1. While there is forgiveness for any sin, grace always requires true repentance. This is particularly true for public sins by those in power. The impulse to minimize damage, and hence to minimize owning our failings, is actually to deny the power of Christ's cross. When a Christian institution confronts corruption, its mission is to tell the whole truth and acknowledge the depth of our guilt. We should repent for as much as we possibly can, not as little as we can get away with.

2. While there is no level of morality demanded for someone to come to Jesus, there is a level of morality required of those who are ministers of Christ's church. 1 Timothy 3 and Titus 2 both set out qualifications for leaders in the church, and those of us who are pastors must take those qualifications seriously. This does not mean that pastors are sinless - that is not what those passages are about, and demanding perfection of leaders creates its own set of problems. However, there is a common misconception about how forgiveness interacts with the call to ministry. There are some who mistakenly think that graciousness requires we not remove pastors from their positions when they sin, or that we scurry to restore them as quickly as possible. The Bible disagrees. Any repentant sinner is welcome to the Lord's table and to be a member of the church, but there are sins that preclude a person from being ordained or that should result in their defrocking, even if the sinner is repentant.

This subject weighs heavily on me because it reminds me of the seriousness of my calling. Every pastor is one bad series of choices away from disqualifying themselves. Again, I'm not speaking about all sins here - I fail every day in all kinds of ways and am so glad for the righteousness I have in Jesus. What Paul focuses on in the above passages are sins that 1) bring public scandal to the gospel or 2) do significant damage to the church's members. In such cases, a pastor ought to be removed from power. I ought to be removed from power if I ever betray my ordination vows in those way.

3. This is because no human being or human institution is indispensable to the kingdom of God. Our ego can persuade us to compromise God's standards because of our imagined importance. Perhaps this is one of the forces at work in Catholicism's struggles - priests and bishops so worried about their reputations or the reputation of the church that they place it ahead of seeking righteousness. Yet it is equally the sin of the megachurch pastor who thinks his ministry is too crucial to the kingdom to be ended by an affair or of the struggling local congregation that sweeps abuse under the rug for fear of losing members.

Ministers and churches and denominations exist to serve Jesus and care for His little lambs. They are good when they are faithful in this calling, but when they forsake it, they cease to be ministers of Christ. No pastor is more important than the purity of Christ's church and protecting His sheep. No church or denomination, regardless of its history or tradition or size, is more important than the reputation of the gospel and fidelity to the Lord. Jesus Christ will build his church, and he uses sinners to do it, but those sinners must never think they are necessary for Jesus's mission to be fulfilled.

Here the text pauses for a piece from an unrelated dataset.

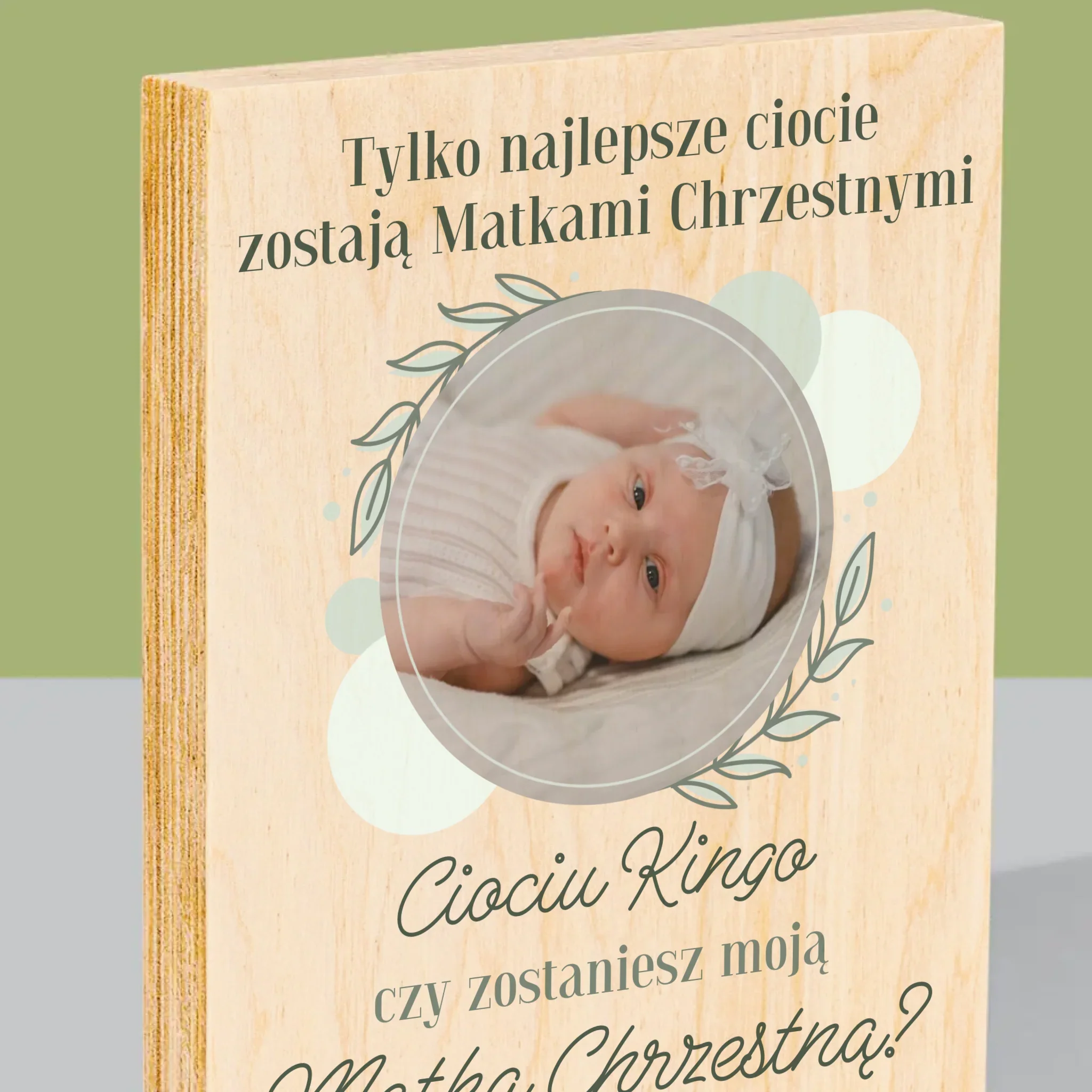 Zdjęcie i Podpis: Najlepsze Ciocie Zostają Matkami Chrzestnymi - Wydruk Na Drewnie - Image 2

 Again, I feel an enormous gravity writing those words. I know there are the seeds of pride in my own heart that can lead to such a warped view of myself. Pride is something I have to fight against daily. I pray God continues to give me the grace to oppose it. However, to compromise in that battle will inevitably lead to the injury of those I exist to serve. That is the reason we must be vigilant against such presumption.

My prayers are for all those wounded by such abuses of power and for all those who perpetrate it, that justice and repentance would come. I pray that Jesus would be at work in our midst, humbling those of us who lead and caring for those wounded by leaders who fall. May His kingdom of peace continue to move forward, and may we be faithful in stewarding it until He comes again.